To do ▸ Could you reproduce, from the records below, everything from the line with "PREMIUM MIL-TEC GLOVES™" down to the line with "564 L M Davey", keeping both of those lines and changing nothing?

Record set ▸

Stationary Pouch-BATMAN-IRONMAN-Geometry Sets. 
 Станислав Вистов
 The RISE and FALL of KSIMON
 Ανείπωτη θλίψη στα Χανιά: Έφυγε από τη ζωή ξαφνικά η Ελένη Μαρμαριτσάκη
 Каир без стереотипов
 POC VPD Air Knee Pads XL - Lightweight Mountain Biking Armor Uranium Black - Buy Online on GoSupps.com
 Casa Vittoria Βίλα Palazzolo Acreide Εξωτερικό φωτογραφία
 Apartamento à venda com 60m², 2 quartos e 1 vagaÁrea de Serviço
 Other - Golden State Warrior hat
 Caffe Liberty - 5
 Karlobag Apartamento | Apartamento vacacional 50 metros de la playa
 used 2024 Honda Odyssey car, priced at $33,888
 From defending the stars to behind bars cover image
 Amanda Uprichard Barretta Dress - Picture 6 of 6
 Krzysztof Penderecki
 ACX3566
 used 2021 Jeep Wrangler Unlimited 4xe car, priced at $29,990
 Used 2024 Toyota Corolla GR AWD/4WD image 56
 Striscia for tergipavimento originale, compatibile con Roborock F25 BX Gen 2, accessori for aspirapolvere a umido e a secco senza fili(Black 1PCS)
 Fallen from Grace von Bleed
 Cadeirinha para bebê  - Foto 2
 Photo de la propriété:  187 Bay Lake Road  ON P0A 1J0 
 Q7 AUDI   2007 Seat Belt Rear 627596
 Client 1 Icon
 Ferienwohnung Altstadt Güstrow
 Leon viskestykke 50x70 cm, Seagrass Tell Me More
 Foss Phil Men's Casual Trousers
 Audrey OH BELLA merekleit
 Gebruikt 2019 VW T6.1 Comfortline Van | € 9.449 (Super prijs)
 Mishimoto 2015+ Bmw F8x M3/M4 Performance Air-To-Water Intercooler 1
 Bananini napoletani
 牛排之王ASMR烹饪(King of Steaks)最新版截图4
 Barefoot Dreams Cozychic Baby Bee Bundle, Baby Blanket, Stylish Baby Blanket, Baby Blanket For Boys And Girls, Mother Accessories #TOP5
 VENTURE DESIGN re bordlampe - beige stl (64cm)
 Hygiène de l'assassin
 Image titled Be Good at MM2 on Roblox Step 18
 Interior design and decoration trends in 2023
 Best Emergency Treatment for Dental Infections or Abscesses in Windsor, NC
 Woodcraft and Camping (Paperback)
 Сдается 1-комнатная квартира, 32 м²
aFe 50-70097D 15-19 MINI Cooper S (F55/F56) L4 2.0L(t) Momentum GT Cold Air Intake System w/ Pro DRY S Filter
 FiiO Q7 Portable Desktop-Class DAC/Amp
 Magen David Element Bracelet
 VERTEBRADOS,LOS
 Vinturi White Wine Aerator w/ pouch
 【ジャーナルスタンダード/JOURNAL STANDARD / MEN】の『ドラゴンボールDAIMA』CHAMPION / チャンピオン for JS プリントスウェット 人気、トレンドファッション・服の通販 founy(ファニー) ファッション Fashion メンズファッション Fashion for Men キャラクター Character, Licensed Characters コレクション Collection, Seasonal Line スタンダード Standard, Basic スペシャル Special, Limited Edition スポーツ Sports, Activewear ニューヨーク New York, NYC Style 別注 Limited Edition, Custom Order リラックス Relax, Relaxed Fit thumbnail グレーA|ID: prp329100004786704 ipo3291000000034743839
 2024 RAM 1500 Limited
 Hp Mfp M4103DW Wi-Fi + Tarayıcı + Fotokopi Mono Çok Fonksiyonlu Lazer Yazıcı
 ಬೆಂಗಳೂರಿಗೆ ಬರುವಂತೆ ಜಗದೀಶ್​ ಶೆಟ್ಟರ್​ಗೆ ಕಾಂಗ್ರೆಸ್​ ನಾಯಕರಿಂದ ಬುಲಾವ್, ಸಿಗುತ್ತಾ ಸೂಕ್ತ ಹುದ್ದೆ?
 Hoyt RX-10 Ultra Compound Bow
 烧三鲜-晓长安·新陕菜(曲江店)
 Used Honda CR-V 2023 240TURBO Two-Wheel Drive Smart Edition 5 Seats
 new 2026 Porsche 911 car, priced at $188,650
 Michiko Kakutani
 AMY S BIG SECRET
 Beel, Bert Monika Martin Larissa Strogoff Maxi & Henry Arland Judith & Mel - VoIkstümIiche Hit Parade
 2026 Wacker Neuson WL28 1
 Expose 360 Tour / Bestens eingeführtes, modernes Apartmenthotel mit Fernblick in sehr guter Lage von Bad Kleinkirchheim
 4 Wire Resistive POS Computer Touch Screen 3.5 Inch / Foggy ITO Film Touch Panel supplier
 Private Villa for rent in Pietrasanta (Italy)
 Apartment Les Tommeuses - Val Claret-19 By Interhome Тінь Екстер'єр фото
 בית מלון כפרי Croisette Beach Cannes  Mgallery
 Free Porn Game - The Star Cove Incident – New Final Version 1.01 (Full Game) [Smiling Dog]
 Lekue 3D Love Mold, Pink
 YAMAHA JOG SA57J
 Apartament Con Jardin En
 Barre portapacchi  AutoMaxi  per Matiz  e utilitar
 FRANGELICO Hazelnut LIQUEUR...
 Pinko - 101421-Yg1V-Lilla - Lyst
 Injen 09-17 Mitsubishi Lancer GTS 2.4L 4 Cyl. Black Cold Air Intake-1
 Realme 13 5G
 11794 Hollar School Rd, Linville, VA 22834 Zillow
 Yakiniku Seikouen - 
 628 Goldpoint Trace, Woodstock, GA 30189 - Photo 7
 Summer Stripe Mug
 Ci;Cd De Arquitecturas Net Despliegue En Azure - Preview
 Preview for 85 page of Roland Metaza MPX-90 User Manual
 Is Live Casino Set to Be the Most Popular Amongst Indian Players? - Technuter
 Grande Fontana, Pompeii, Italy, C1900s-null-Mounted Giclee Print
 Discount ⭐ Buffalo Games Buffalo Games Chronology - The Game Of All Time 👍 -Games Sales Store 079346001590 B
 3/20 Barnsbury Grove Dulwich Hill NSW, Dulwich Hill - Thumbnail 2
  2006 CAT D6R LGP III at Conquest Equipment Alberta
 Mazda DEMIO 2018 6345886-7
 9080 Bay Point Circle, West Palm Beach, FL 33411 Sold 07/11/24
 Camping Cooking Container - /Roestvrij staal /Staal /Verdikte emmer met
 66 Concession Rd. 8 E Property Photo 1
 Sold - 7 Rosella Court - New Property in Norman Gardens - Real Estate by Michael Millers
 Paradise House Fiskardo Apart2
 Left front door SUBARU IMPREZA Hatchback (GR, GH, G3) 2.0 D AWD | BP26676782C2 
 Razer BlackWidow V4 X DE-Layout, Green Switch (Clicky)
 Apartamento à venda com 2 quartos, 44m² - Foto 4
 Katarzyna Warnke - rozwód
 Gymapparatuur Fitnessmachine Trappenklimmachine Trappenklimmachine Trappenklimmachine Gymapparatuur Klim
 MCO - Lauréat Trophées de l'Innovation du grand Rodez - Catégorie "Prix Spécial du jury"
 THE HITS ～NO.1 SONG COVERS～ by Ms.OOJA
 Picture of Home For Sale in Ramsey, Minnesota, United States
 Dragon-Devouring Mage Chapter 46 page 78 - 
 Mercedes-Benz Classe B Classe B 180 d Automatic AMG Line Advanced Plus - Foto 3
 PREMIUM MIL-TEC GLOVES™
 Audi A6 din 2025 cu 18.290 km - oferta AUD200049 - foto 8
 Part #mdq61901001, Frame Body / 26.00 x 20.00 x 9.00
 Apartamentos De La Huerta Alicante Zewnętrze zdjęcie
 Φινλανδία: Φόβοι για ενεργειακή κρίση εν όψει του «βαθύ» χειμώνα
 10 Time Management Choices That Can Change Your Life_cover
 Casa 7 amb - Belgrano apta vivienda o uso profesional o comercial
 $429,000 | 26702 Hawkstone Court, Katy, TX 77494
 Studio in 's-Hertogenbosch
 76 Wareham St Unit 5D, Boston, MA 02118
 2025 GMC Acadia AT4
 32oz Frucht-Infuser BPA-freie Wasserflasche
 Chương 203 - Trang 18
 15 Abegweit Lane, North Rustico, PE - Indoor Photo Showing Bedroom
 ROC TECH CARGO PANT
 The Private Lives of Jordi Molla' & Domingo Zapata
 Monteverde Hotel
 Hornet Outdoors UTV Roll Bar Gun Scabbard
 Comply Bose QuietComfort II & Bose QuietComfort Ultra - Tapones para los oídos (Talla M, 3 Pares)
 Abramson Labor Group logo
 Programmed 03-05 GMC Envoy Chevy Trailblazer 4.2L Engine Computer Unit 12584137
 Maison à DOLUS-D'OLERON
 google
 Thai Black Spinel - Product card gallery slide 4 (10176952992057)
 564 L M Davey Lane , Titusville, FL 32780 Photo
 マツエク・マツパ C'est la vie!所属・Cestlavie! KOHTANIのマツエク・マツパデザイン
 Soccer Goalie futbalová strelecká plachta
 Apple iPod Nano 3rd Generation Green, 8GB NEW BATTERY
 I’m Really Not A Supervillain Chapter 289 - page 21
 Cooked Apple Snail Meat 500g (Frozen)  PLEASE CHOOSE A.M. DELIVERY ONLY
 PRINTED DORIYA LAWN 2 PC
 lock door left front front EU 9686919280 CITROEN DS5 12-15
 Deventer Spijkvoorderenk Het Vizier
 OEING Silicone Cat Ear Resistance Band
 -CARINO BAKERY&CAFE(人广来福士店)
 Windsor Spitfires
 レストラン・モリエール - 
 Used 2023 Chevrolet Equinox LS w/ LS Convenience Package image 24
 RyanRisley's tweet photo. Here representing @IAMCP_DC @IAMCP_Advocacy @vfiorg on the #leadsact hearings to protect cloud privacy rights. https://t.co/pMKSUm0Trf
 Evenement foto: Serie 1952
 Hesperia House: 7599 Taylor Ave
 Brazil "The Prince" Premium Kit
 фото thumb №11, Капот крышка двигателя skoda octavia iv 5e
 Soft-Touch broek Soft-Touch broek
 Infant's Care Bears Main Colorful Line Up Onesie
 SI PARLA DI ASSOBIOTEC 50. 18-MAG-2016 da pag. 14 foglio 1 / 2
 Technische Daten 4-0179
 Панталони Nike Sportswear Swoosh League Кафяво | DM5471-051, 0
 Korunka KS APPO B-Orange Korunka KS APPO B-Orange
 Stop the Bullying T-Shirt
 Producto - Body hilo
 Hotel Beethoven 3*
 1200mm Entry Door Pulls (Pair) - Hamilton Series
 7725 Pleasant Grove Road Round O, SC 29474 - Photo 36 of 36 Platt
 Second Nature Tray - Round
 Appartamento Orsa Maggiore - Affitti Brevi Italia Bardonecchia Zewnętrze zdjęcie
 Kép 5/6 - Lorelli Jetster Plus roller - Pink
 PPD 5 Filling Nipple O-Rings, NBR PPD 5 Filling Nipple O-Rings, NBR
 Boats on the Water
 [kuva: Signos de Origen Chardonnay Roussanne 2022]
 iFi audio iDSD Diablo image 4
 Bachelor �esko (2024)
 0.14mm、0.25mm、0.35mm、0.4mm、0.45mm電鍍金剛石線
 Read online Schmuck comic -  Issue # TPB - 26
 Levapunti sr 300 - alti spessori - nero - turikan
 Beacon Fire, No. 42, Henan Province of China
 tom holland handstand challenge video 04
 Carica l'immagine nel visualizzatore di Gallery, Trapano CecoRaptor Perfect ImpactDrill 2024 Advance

Answer for this exercise ▸
 PREMIUM MIL-TEC GLOVES™
 Audi A6 din 2025 cu 18.290 km - oferta AUD200049 - foto 8
 Part #mdq61901001, Frame Body / 26.00 x 20.00 x 9.00
 Apartamentos De La Huerta Alicante Zewnętrze zdjęcie
 Φινλανδία: Φόβοι για ενεργειακή κρίση εν όψει του «βαθύ» χειμώνα
 10 Time Management Choices That Can Change Your Life_cover
 Casa 7 amb - Belgrano apta vivienda o uso profesional o comercial
 $429,000 | 26702 Hawkstone Court, Katy, TX 77494
 Studio in 's-Hertogenbosch
 76 Wareham St Unit 5D, Boston, MA 02118
 2025 GMC Acadia AT4
 32oz Frucht-Infuser BPA-freie Wasserflasche
 Chương 203 - Trang 18
 15 Abegweit Lane, North Rustico, PE - Indoor Photo Showing Bedroom
 ROC TECH CARGO PANT
 The Private Lives of Jordi Molla' & Domingo Zapata
 Monteverde Hotel
 Hornet Outdoors UTV Roll Bar Gun Scabbard
 Comply Bose QuietComfort II & Bose QuietComfort Ultra - Tapones para los oídos (Talla M, 3 Pares)
 Abramson Labor Group logo
 Programmed 03-05 GMC Envoy Chevy Trailblazer 4.2L Engine Computer Unit 12584137
 Maison à DOLUS-D'OLERON
 google
 Thai Black Spinel - Product card gallery slide 4 (10176952992057)
 564 L M Davey Lane , Titusville, FL 32780 Photo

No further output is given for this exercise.